Più in generale, a proposito dei diritti della persona umana, va notato come la situazione attuale sia diversa da quella precedente alla caduta del muro di Berlino e alla liberazione dell'Europa dell'est. L'ampliamento ha quindi dato a quest'Europa dell'Est un grande anelito di libertà, rispetto all'isolamento in cui versava per effetto degli accordi di Yalta.

Sono per temperamento una contestatrice, lo ero già quando ero piccola.
Nel mondo d'oggi, a fronte di continue nuove sfide, è necessario essere costantemente vigili. Complessivamente, rispetto al passato, per molti dei nostri contemporanei la vita è sicuramente meno difficile che nei secoli scorsi, ma il fatto di assistere in diretta all'attualità del mondo intero, a tutte le catastrofi naturali, a tutti i conflitti, modifica la nostra percezione dell'evoluzione della società.
Oggi si vive molto più a lungo di un secolo fa, e ancora più a lungo che in un passato più remoto.
La società è alle prese con sempre nuove sfide: le coppie che si separano, i figli che ne rimangono scossi e che devono adattarvisi.
I problemi etici di ogni sorta non sono facili da affrontare, che si tratti della fecondazione artificiale o dell'accanimento terapeutico.
Quando ero bambina l'idea stessa di andare sulla luna era esemplificativa di ciò che non sarebbe mai potuto accadere. E poi ecco che una notte, ben 40 anni fa ormai, abbiamo visto degli uomini andare a spasso sulla luna!
Come dire che non bisogna mai dare nulla per impossibile!
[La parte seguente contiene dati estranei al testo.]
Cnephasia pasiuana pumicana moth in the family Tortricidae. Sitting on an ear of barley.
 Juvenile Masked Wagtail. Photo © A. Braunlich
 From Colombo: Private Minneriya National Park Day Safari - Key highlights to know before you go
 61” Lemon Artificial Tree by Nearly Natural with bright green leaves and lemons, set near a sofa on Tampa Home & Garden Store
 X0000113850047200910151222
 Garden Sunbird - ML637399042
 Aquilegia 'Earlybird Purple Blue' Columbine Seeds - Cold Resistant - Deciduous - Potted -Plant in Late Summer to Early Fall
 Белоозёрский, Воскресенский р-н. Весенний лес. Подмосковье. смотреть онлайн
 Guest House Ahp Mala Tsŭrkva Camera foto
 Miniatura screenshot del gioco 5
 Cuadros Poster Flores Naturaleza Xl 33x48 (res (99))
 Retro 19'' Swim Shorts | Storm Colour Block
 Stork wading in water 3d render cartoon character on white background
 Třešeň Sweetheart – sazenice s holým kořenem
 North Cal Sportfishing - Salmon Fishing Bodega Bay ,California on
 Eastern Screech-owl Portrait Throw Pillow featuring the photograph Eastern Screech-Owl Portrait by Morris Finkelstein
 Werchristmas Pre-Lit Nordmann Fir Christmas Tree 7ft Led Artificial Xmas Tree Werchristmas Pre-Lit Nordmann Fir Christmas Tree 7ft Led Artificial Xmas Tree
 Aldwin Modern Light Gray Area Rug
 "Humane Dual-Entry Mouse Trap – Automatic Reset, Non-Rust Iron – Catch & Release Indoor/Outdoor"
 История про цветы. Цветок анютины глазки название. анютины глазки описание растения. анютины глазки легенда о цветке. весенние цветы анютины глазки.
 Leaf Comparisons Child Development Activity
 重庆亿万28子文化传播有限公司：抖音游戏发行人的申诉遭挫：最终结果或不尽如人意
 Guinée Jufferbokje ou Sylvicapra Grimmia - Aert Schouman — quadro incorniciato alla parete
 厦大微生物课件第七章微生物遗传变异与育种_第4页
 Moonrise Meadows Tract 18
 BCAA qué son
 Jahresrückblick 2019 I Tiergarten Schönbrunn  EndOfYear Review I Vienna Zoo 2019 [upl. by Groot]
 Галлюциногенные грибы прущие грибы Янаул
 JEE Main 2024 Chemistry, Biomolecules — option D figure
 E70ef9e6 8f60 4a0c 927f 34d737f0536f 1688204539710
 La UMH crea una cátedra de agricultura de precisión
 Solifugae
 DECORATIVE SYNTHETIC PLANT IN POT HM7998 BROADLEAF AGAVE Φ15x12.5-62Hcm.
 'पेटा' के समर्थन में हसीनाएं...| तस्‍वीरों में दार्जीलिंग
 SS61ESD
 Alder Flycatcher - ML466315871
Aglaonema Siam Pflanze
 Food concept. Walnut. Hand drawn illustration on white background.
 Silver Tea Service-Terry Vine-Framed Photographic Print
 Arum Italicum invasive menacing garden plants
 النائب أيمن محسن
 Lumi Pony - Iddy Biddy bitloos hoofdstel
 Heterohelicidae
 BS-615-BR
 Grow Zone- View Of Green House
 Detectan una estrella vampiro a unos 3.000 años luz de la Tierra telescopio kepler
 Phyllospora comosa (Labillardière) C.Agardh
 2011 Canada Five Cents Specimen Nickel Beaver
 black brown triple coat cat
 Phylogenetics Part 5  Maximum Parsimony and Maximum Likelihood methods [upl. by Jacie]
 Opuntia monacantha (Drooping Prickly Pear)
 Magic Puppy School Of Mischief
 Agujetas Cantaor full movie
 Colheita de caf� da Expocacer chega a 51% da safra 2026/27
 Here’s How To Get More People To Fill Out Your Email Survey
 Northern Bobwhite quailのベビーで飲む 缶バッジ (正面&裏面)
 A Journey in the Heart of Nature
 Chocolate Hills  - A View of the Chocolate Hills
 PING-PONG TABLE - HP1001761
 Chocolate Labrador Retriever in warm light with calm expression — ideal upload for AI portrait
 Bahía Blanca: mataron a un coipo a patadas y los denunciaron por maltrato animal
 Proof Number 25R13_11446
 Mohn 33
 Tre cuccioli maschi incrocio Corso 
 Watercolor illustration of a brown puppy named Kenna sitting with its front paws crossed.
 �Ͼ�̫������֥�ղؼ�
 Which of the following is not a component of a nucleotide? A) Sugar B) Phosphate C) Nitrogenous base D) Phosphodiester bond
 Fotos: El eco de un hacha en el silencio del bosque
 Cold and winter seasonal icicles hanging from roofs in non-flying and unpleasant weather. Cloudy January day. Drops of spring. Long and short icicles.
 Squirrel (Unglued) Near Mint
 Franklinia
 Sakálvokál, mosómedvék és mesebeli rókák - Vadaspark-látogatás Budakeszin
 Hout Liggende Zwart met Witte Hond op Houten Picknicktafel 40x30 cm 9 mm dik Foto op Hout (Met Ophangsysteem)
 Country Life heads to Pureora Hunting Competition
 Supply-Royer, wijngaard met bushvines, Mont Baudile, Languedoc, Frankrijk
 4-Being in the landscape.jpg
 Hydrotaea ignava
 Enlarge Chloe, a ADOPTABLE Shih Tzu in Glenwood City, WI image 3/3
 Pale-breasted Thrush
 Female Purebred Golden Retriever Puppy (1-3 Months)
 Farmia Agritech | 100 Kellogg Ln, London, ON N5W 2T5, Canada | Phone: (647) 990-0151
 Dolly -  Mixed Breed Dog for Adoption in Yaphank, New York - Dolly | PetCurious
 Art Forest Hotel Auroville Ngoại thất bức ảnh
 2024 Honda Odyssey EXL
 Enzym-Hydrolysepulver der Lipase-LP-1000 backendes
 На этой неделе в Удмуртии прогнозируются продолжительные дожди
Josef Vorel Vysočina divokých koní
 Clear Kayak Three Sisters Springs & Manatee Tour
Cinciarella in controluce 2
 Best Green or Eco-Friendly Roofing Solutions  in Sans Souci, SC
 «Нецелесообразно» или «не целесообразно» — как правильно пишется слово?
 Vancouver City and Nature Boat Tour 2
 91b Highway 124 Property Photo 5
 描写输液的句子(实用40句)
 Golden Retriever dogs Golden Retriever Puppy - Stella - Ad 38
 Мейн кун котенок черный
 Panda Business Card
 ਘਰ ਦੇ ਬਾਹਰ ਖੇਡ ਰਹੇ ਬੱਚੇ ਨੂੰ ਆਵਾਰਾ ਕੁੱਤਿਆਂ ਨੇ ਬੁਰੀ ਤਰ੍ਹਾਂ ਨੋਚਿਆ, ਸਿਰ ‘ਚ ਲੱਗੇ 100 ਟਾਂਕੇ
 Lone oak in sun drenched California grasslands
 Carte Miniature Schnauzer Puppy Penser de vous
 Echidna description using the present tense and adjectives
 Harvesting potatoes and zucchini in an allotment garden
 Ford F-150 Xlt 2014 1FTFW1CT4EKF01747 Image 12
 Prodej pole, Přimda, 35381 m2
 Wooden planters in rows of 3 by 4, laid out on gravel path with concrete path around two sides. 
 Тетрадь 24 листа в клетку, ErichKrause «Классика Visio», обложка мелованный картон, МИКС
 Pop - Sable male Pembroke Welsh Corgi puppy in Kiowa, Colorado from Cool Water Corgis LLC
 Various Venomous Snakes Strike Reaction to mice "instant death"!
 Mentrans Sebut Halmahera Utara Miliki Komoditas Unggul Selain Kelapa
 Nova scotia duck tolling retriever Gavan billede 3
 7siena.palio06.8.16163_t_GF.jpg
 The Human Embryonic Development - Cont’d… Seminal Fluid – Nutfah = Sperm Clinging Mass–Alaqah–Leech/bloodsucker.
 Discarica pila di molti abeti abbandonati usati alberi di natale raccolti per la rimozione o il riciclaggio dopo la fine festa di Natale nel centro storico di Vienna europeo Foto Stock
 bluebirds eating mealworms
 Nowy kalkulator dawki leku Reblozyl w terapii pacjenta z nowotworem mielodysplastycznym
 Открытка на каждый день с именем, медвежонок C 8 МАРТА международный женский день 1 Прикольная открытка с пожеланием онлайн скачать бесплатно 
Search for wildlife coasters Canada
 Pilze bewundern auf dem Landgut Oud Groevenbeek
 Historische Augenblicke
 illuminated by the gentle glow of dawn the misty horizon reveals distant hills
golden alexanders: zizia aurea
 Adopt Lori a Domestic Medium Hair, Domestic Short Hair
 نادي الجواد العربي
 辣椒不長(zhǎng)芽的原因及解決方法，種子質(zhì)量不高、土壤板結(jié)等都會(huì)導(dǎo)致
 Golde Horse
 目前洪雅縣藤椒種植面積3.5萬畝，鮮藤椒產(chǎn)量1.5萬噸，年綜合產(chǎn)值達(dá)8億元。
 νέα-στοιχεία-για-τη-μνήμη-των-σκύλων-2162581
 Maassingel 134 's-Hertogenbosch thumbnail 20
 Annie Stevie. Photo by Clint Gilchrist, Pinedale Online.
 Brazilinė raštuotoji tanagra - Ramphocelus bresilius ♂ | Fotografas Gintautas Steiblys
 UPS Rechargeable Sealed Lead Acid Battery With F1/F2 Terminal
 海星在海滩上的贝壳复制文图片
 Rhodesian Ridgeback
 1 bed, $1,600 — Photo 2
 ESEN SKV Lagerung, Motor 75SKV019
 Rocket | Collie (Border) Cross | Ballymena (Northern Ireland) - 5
Oggi l'Unione europea conta 27 paesi e non potevamo rifiutare o rinviare l'adesione dei paesi dell'Europa orientale, ormai democratici e vittime del terribile purgatorio del post-Yalta. La nostra Europa non può isolarsi dal resto del mondo, al quale deve poter prestare assistenza.

Per quel che mi riguarda, rimpiango l'epoca in cui gli accordi di Lomé ci portavano a fornire un aiuto ai paesi africani. Comunque sia, per superare le sfide attuali, gli europei devono essere ancora più uniti. In tale prospettiva tocca alle nostre istituzioni - e penso in particolare all'attuale Presidenza francese - prendere iniziative a favore di quanti sono ancora emarginati, in mancanza di una sufficiente integrazione nella società. Quando parlo di "integrazione" mi riferisco sia a quanti sono esclusi per difficoltà materiali, sia a quanti sono isolati nella loro solitudine. Alla luce dell'attualità che oggi tutti conosciamo, la Presidenza francese deve dare prova del talento necessario per superare l'incidente di percorso rappresentato dalla risposta negativa degli irlandesi al referendum sull'Europa.
So benissimo che gli irlandesi sono ancora traumatizzati da un passato doloroso, ma non dovrebbero per questo dimenticare i vantaggi che l'Europa ha garantito loro. L'Irlanda ha tratto vantaggio dall'appartenenza all'Unione più di qualsiasi altro paese europeo, sia sul piano economico che politico. Spero quindi che questo contrattempo non rappresenti un ostacolo alla ratifica del Trattato di Lisbona che tutti gli altri paesi europei vorrebbero entrasse in vigore quanto prima. Il Trattato di Lisbona costituisce in effetti un notevole progresso non solo per tutti gli europei, ma anche per quanti sanno che l'Europa, forte della sua storia, deve ancora farsi carico, nei confronti del resto del mondo, di un ruolo di pace e di prosperità.